For some reason I discussed this with Heather again, it went just about as well as it did the last time. See her letter below.
Dear Chase,
You are 15 months old. Holy fuck! That is so old. Where did my little baby go? You look like a man! Also, why the fuck won’t you eat? Or walk? I am a neurotic mom and I can’t deal with you doing things at your own pace.
But I love you.
Mom
She has such a way with words.
Anyways. Here is my go at this:
Chase-face
As it turns out 15 months is just about the perfect age. As crazy as you make me most days and as much as I wish you would learn just a couple of new skills I am laughing more everyday with you. Perhaps it’s the fact that I know that our time with just the two of us is coming to an end soon so I’ve been careful to really enjoy our time together.

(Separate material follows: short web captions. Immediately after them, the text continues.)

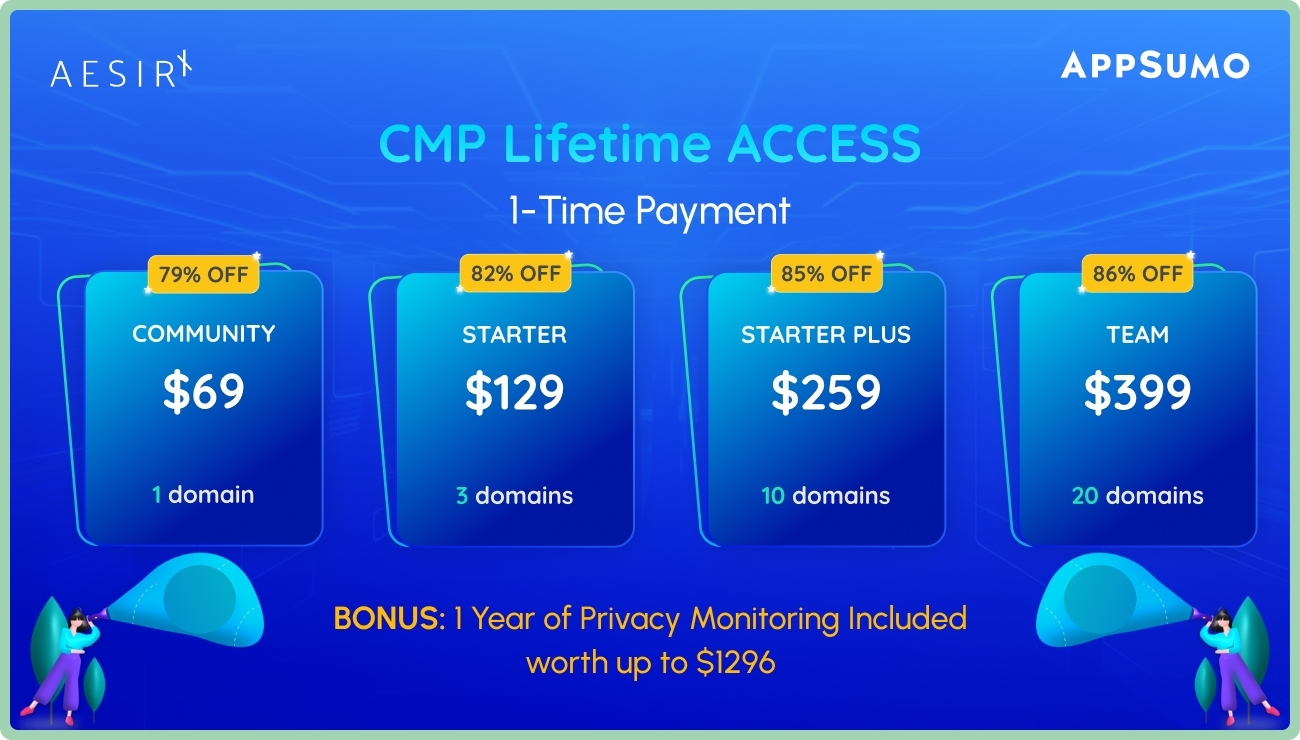 aesirx cmp lifetime deal exclusive to appsumo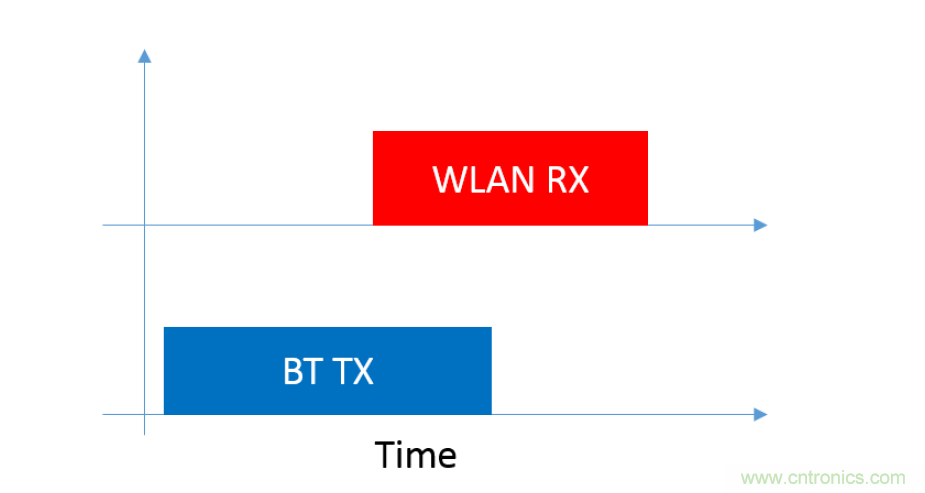 在2.4GHz共存WLAN、藍(lán)牙、ZigBee和Thread在2.4GHz頻段共存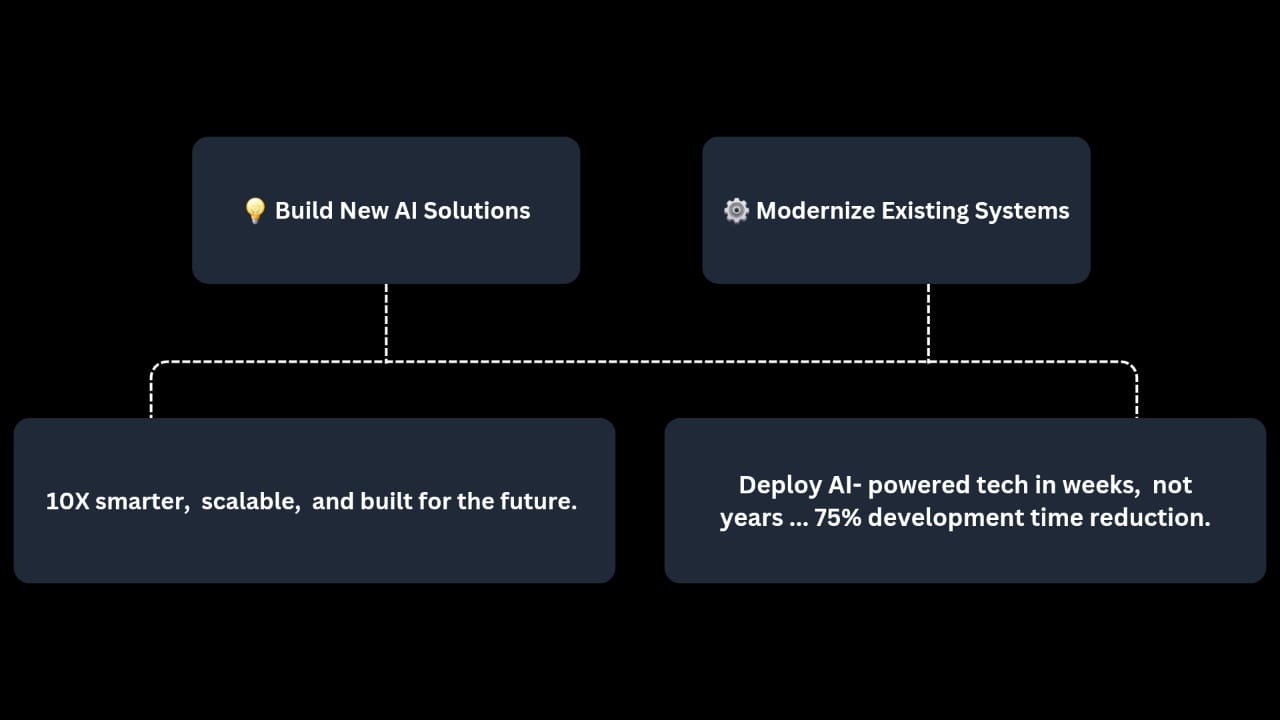 AI Innovation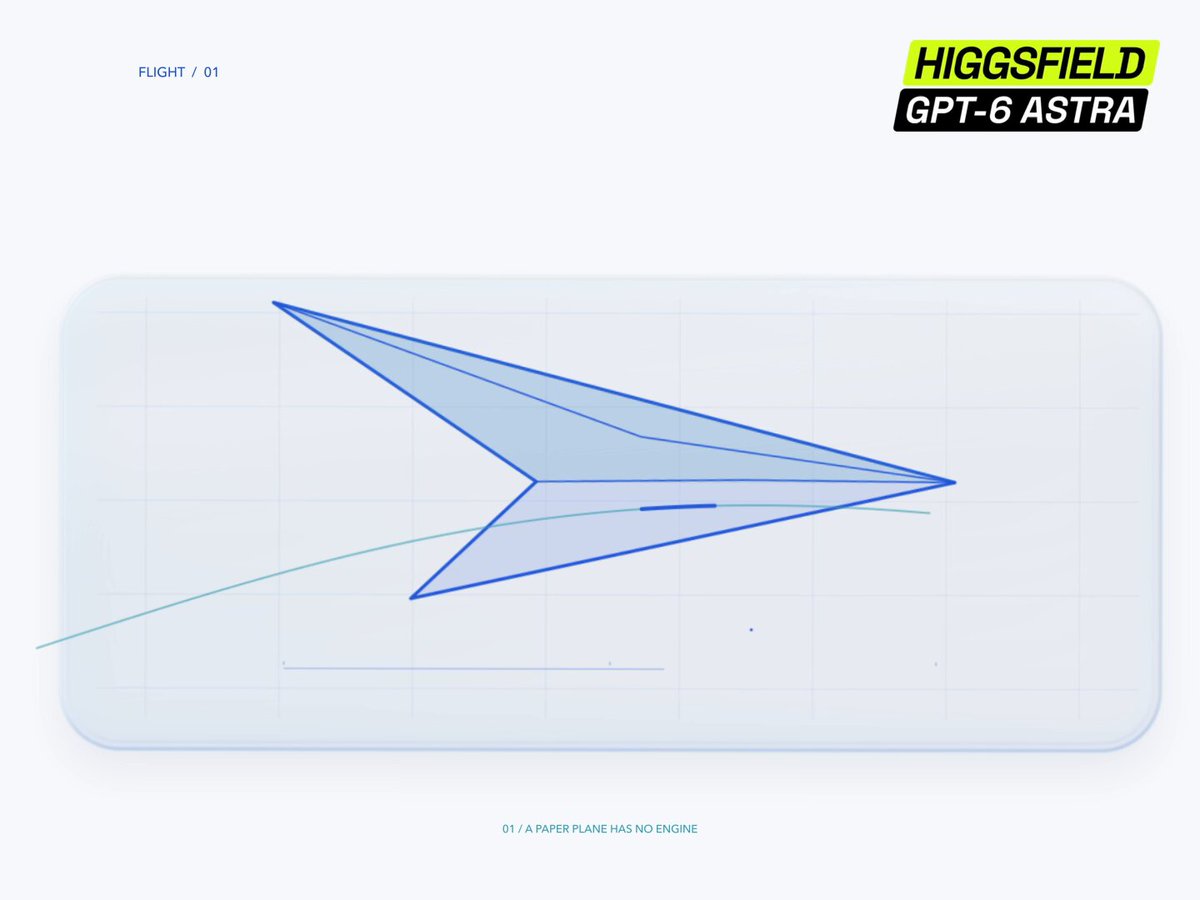 GPT-6 Astra 在 Higgsfield 上做飞行物理动画教学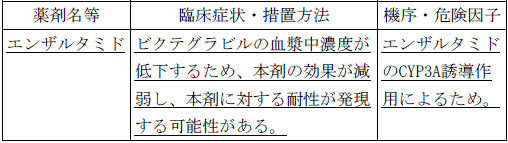 使用上の注意改訂情報(令和8年3月17日指示分)参照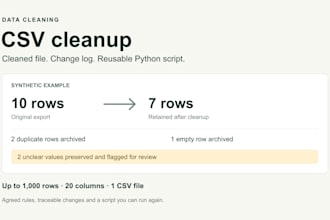 automate your CSV cleanup with a reusable python script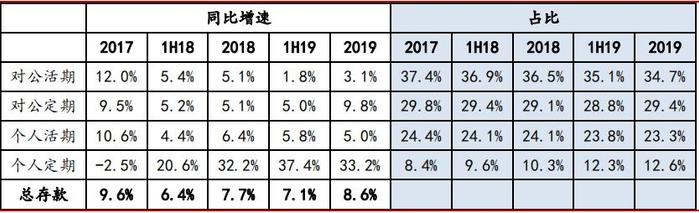 招商银行：净息差下行 不良生成率抬头 “零售之王”遭遇疫情考问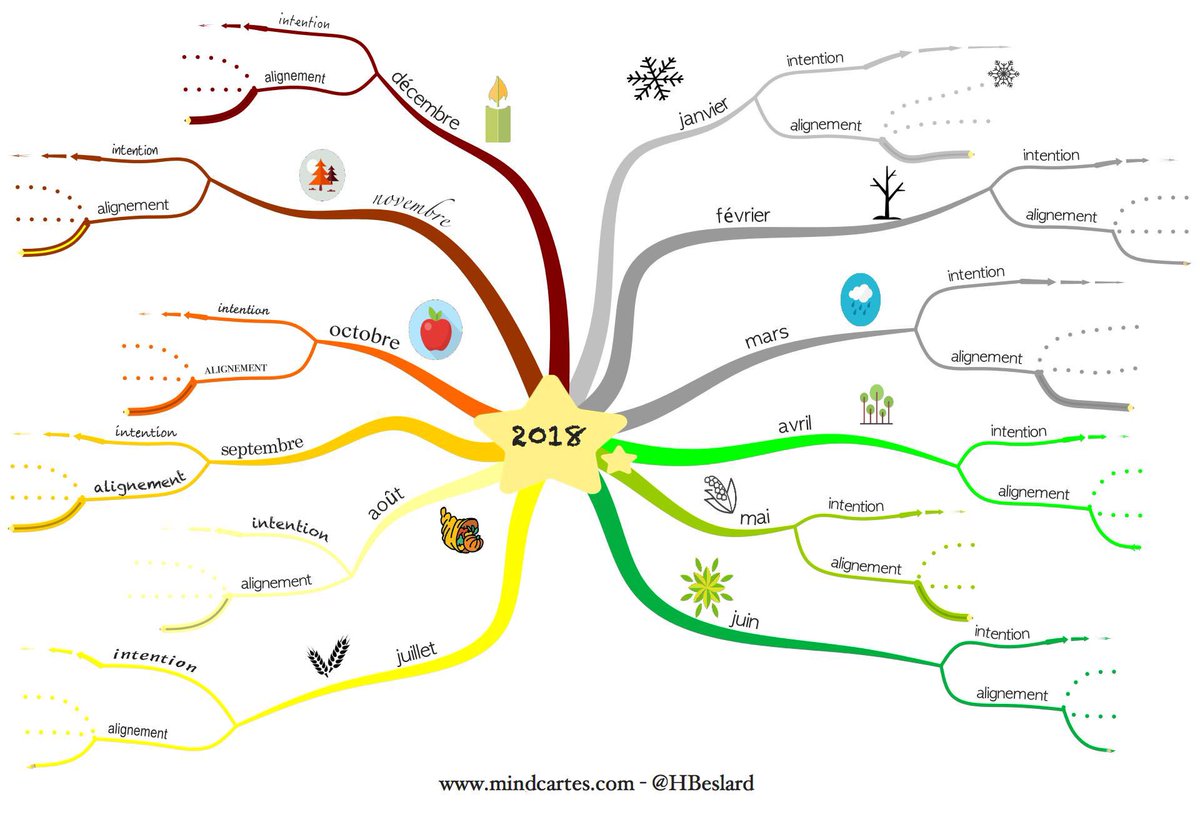 HBeslard's tweet photo. Année 2018 : planifier son annnée en #carteheuristique #Mindmapping https://t.co/YZBDzslpEs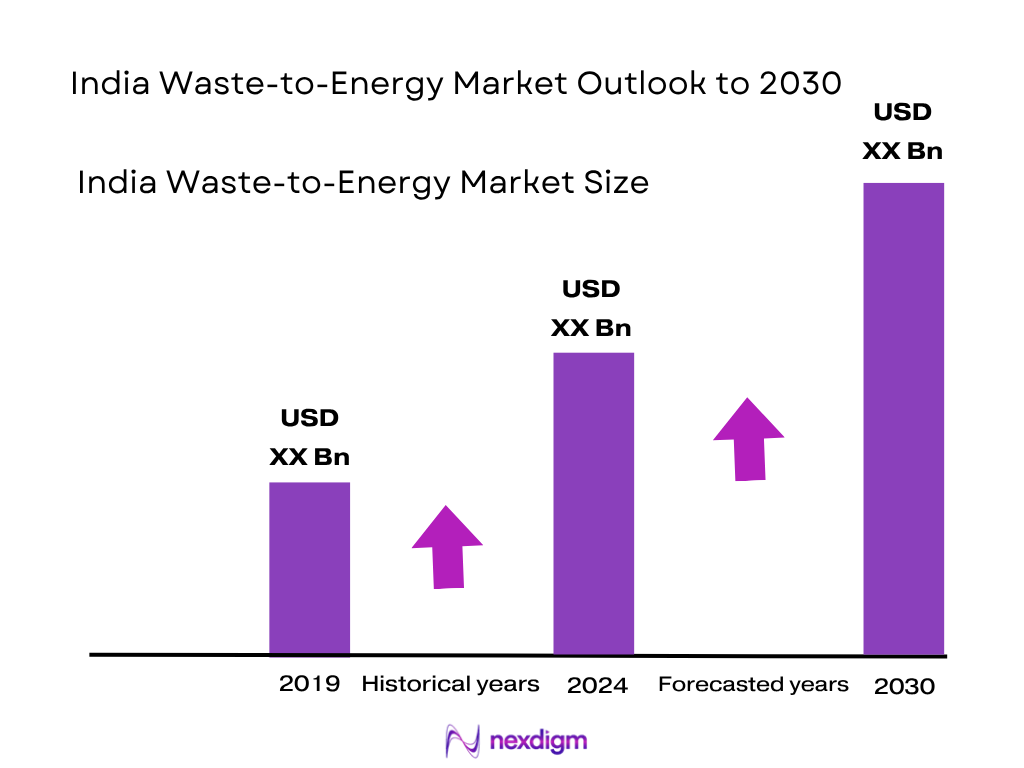 India Waste-to-Energy Market Size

Just when I thought you were all done being my baby you have a sudden new fondness for snuggling. We have morning snuggles and we rock at bedtime again. Sometimes during the day you want nothing more than to sit on my lap with your sippy cup and watch cartoons.
There are also days when you seem so grown up that it actually takes my breath away. Your afternoons often consist of playing by yourself in your room with your cartoons playing in the background. I put up the baby gate at your door and you are content for a few hours on your own. (Please note that I check on you frequently and I’ve completely baby-proofed your room, you’ve only strewn baby powder all over ONCE)
By the time your next milestone month comes along you will no longer be an only child. Parts of me wish I had just a little more time for it to be just the two of us. I know it’s going to be hard on you when we bring a new baby home but I promise that you are still just as much my baby and no one could ever take your place. I will always make time for it to be “just the two of us”.